A primeira coisa que me chamou atenção debaixo daquele sol inclemente carioca de abril foi o nada vermelho em meio ao branco dos carros da McLaren de Lauda e Prost.
Era quase cor de rosa, mas que, curiosamente, por conta da péssima definição de linhas dos aparelhos de TV dos anos 80, ficava diferente.
Outra coisa legal, óbvio, era o preto e dourado da Lotus, mas no caso daquela de Senna, era ainda mais bacana por conta do capacete do brasileiro que fazia sua segunda temporada na F1, um amarelo cítrico, marca texto, quase um verde limão.
Uma cor que deve ter deixado os daltônicos desesperados...

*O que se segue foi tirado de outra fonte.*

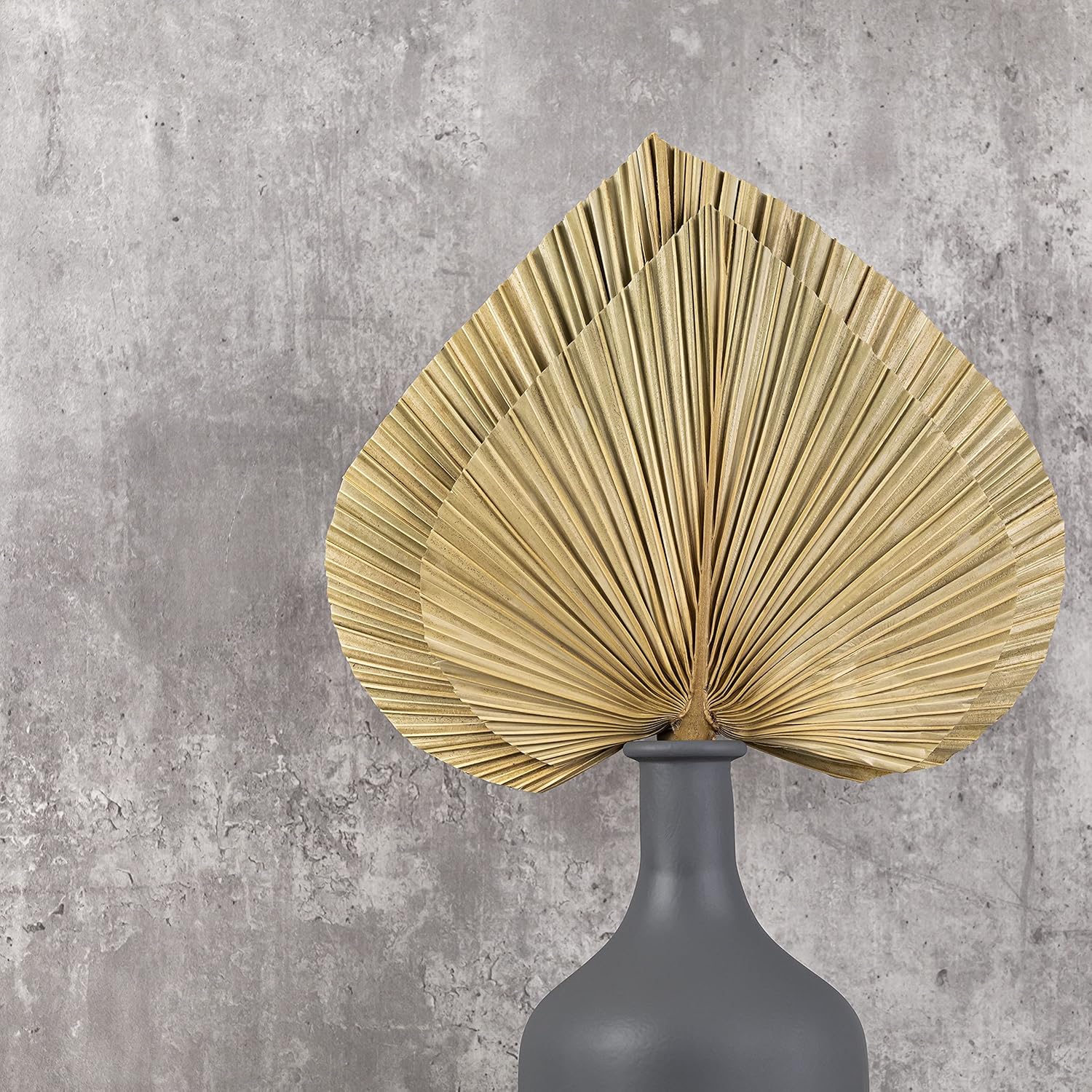 6pcs Natural Trimmed Dried Palm Leaves for Decor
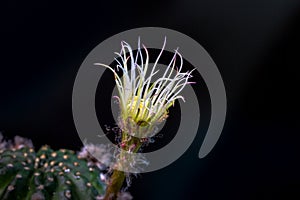 Beautiful opening pink Echinopsis subdenudata cactus flower on black background.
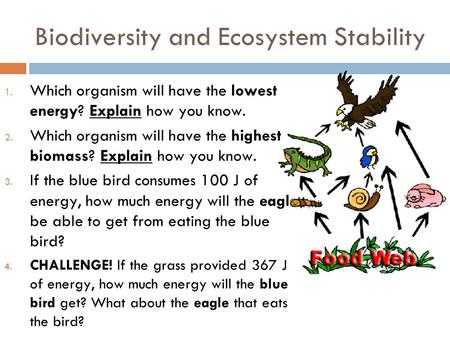Biodiversity and Ecosystem Stability 1. Which organism will have the lowest energy? Explain how you know. 2. Which organism will have the highest biomass?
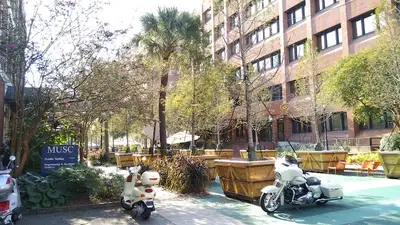 MUSC Health Institute of Psychiatry - Mental health treatment facility in Charleston, SC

O primeiro dos cinco sentidos, a visão, estava, portanto, bem representada, logo de cara.
Mas ainda tinha o azul da Ligier, minha equipe favorita, o verde folha com branco da RAM, o amarelo e preto da Minardi, que remetia à camisa do Peñarol e, claro, o vermelho da Ferrari.
E isso apenas para falar do que estava ali na pista, pois antes de chegarmos ao autódromo, pela janela do ônibus da excursão, vi a cidade coalhada de outdoors da John Player Special, a cigarreira que apostava suas fichas em Senna, então debutando pela Lotus.
Depois da visão, a audição ganhou minha atenção.
Havia um predomínio dos motores turbo, mas a Tyrrell e a Minardi andavam com os velhos Cosworth aspirados.
Entre os turbos, bem mais ruidosos que os atuais, havia uma diferença bem grande de tons e semitons, e era possível distinguir os TAG-Porsche da McLaren em relação aos Renault da própria equipe francesa e da Ligier e o também turbo da Ferrari.
Em comum, todos tinham uma tonalidade mais grave, comparados aos agudos dos Cosworth, que "gritavam" muito mais, um quase desespero para tentar, em vão, andar no vácuo dos turbo...
Ardia os tímpanos, como anos mais tarde, ouvindo do Setor A de Interlagos a sinfonia dos V12 da Ferrari e os V10 da Renault e Mugen-Honda da Ligier. Mas isso eu conto outro dia...
Por fim, o outro dos cinco sentidos que senti naquele meu primeiro contato com aquele mundo dos sonhos foi o olfato.
Eu estava no longo retão, mais perto da freada da Curva Sul, portanto o cheiro da borracha fritando no asfalto não passou despercebido.
Tampouco o cheiro da gasolina.
Diziam, na época, que se você pegasse um conta gotas com o combustível daquela F1 e pingasse em direção ao chão, a gota evaporava pelo caminho.
Sim, era possível sentir aquele cheiro de gasolina que ardia os olhos, parecido com aquele de gasolina azul que eu sentira por anos, quando acontecia do meu pai parar atrás de um Dodge Charger R/T no Posto Can-Can da Rua Maria Cândida, na Vila Guilherme.
De um tempo para cá eu tenho estado em Interlagos para acompanhar a Fórmula 1, não mais como espectador, mas como jornalista.
É claro que eu carrego dentro de mim aquele menino que assistiu o GP do Japão de 1976, e também o adolescente que esteve em Jacarepaguá em 1985.
E, por isso, felizmente, fico atento aos sentidos que a Fórmula 1 contempla.
O som dos carros não é mais o mesmo, mas ainda me provoca arrepios da "varanda" da sala de imprensa, junto ao "S" do Senna.
Fico ali por alguns minutos, logo que os carros saem para o primeiro treino livre, na sexta-feira.
Só eu sei o que sinto com aquilo...
O cheiro da borracha ainda está ali, mas o da gasolina simplesmente não existe mais.
Os carros são inodoros.
Ultimamente, por conta da incansável busca por redução de peso, a maior parte das equipes simplesmente deixou de comprar latas de tinta e deixam seus monopostos nus e crus, na fibra de carbono.
O A524, carro da Alpine, que ilustra esta crônica, beira o descaso.
Colaram os adesivos dos patrocinadores por cima da carenagem bruta.
É um tiro no pé para a Fórmula 1 perder um de seus maiores apelos, a beleza das cores, assim como fez com o som dos motores.
Bom, restaram dois sentidos: o paladar e o tato.
Estes dois me foram apresentados na função de jornalista.
O primeiro, o café servido no paddock, pela Lisa, da Ferrari, a ruiva sempre sorridente e simpática.
É um café espresso como qualquer outro, exceto pelo simples detalhe de ser o mesmo que é sorvido pelos pilotos do time italiano...
Claro, eu sempre guardo os copinhos com o emblema do cavalinho...
O segundo, o tato, eu tive em 2019.
Eu estava atrás dos boxes da Ferrari, quando senti alguém encostar a mão no meu ombro esquerdo.
Era o Vettel, cordialmente pedindo licença para chegar ao seu carro...
Naquele exato instante percebi que meu ciclo dos cinco sentidos com a Fórmula 1 estava completo.